The table below shows all 18 algorithms (10 default from `get_default_estimator_specs()` plus 8 additional from `econirl.contrib`).

| Estimator   | Category    | Recovers Params | Recovers Reward | % Optimal | % Transfer | Time   |
|-------------|-------------|:---------------:|:---------------:|----------:|-----------:|-------:|
| **Structural Estimators** | | | | | | |
| NFXP        | Structural  | Yes | Yes |  99.7% |  99.8% |  13.9s |
| CCP         | Structural  | Yes | Yes |  99.7% |  99.8% |  18.6s |
| SEES        | Structural  | Yes | Yes |  99.6% |  99.6% |  28.6s |
| NNES        | Structural  | Yes | Yes |  99.6% |  99.1% |  13.7s |
| **Entropy-Based IRL** | | | | | | |
| MCE IRL     | IRL         | Yes | Yes |  99.7% |  99.7% |  20.6s |
| MaxEnt IRL  | IRL         | No  | Yes |  98.2% |  97.8% |   9.1s |
| Deep MaxEnt | IRL         | No  | Yes |  98.3% |  98.2% |  52.3s |
| BIRL        | IRL         | No  | Yes |  99.5% |  99.5% | 237.8s |
| **Margin-Based IRL** | | | | | | |
| Max Margin  | IRL         | Yes | Yes |  99.3% |  99.3% |  64.8s |
| Max Margin IRL | IRL      | No  | Yes |  31.1% |  34.2% |   0.3s |
| **Distribution Matching** | | | | | | |
| f-IRL       | IRL         | No  | Yes |  99.1% |  99.1% |  44.9s |
| **Neural Estimators** | | | | | | |
| TD-CCP      | Neural      | Yes | Yes |  99.8% |  99.7% |  16.3s |
| GLADIUS     | Neural      | Yes | Yes |  99.6% |  88.7% |   4.2s |
| **Adversarial Methods** | | | | | | |
| GAIL        | Adversarial | No  | No  |  54.3% |  50.9% | 112.9s |
| AIRL        | Adversarial | No  | Yes |  99.4% |  99.5% | 123.0s |
| GCL         | Adversarial | No  | Yes |  92.7% |  95.3% | 166.5s |
| **Inverse Q-Learning** | | | | | | |
| IQ-Learn    | IRL         | No  | Yes |  99.5% |  99.1% |   0.0s |
| **Baseline** | | | | | | |
| BC          | Baseline    | No  | No  |  99.5% |  99.5% |   0.1s |

5-state MDP, 100 agents x 50 periods, seed=42. **% Optimal** = value achieved vs true optimal on training dynamics (baseline-normalized). **% Transfer** = same metric on held-out transition dynamics (same rewards, different wear rates). **Recovers Params** = recovers interpretable structural parameters. **Recovers Reward** = recovers a reward function (enables transfer to new dynamics).

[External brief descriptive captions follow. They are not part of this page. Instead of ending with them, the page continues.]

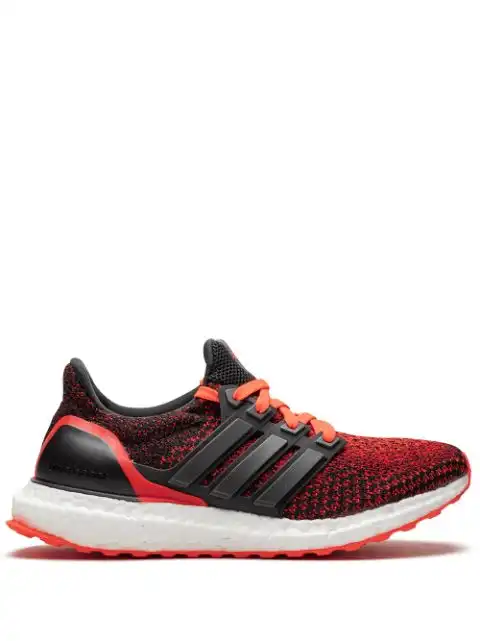 adidas UltraBoost 2.0 J "Solar Red"  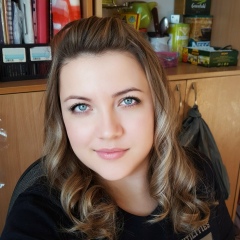 Татьяна Мосияченко, 09.08.1987, Балхаш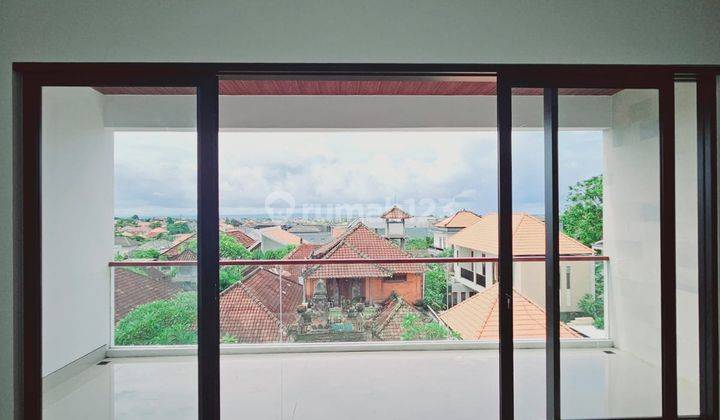 Dijual Villa Modern Lokasi Sangat Premium 2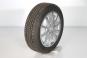 Ruote complete set da 17 pollici alluminio CONTINENTAL Class  - Immagine 2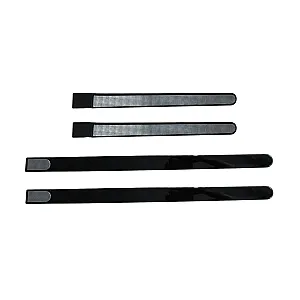 Cnleague Door Side Cladding for MG Windsor EV 2024 Onwards - Glossy Black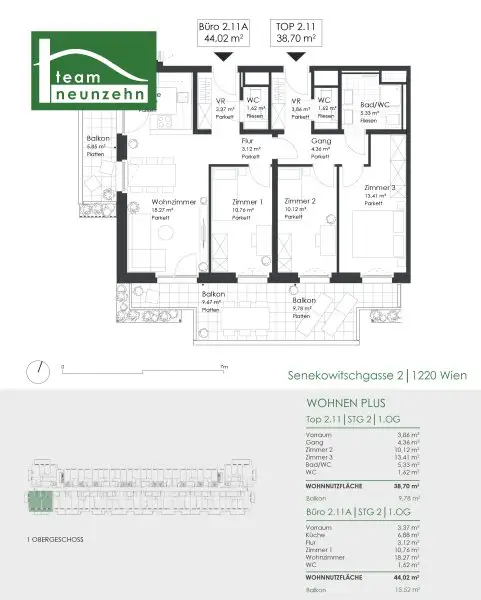 Plan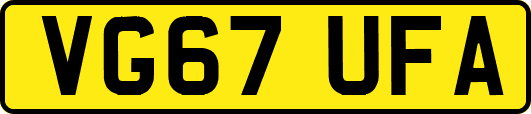 VG67UFA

![Internal Validity — Policy Execution on Training Dynamics](docs/internal_validity.gif)

![External Validity — Policy Execution on Transfer Dynamics](docs/external_validity.gif)

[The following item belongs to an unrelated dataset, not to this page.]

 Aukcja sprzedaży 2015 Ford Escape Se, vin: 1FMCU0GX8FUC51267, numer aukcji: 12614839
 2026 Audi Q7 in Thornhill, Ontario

![Estimated vs True Rewards](docs/reward_heatmaps.png)

## Algorithms

### Structural Estimators

Assume the econometrician knows the model and recover flow utility parameters by maximum likelihood.

| Algorithm | Paper | Method |
|-----------|-------|--------|
| NFXP      | [Rust (1987)](https://doi.org/10.2307/1911259) | Full-solution MLE via nested fixed point |
| CCP       | [Hotz & Miller (1993)](https://doi.org/10.2307/2298122) | Two-step conditional choice probability with NPL iterations |
| SEES      | [Luo & Sang (2024)](https://arxiv.org/abs/2404.12843) | Sieve basis V(s) approximation + penalized joint MLE |
| NNES      | [Nguyen (2025)](https://arxiv.org/abs/2501.14375) | Neural V(s) network (Bellman residual) + structural MLE |

### Entropy-Based IRL

Recover reward functions from demonstrations using maximum entropy or Bayesian principles.

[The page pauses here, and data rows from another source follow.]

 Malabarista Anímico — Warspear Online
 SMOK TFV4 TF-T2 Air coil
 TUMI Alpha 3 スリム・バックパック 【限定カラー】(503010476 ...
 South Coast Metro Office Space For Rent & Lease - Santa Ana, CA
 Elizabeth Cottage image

| Algorithm   | Paper | Method |
|-------------|-------|--------|
| MCE IRL     | [Ziebart (2010)](https://www.cs.cmu.edu/~bziebart/publications/thesis-bziebart.pdf) | Maximum causal entropy IRL with soft value iteration |
| MaxEnt IRL  | [Ziebart et al. (2008)](https://cdn.aaai.org/AAAI/2008/AAAI08-227.pdf) | Maximum entropy IRL with state visitation frequencies |
| Deep MaxEnt | [Wulfmeier et al. (2016)](https://arxiv.org/abs/1507.04888) | Neural reward network + MaxEnt feature matching |
| BIRL        | [Ramachandran & Amir (2007)](https://www.ijcai.org/Proceedings/07/Papers/416.pdf) | Bayesian MCMC (Metropolis-Hastings) over reward parameters |

### Margin-Based IRL

Recover rewards by maximizing the margin between expert and non-expert behavior.

| Algorithm      | Paper | Method |
|----------------|-------|--------|
| Max Margin     | [Ratliff et al. (2006)](https://doi.org/10.1145/1143844.1143936) | Structured max-margin planning |
| Max Margin IRL | [Abbeel & Ng (2004)](https://ai.stanford.edu/~ang/papers/icml04-apprentice.pdf) | Apprenticeship learning via margin maximization |

### Distribution Matching

Match state-marginal distributions rather than feature expectations.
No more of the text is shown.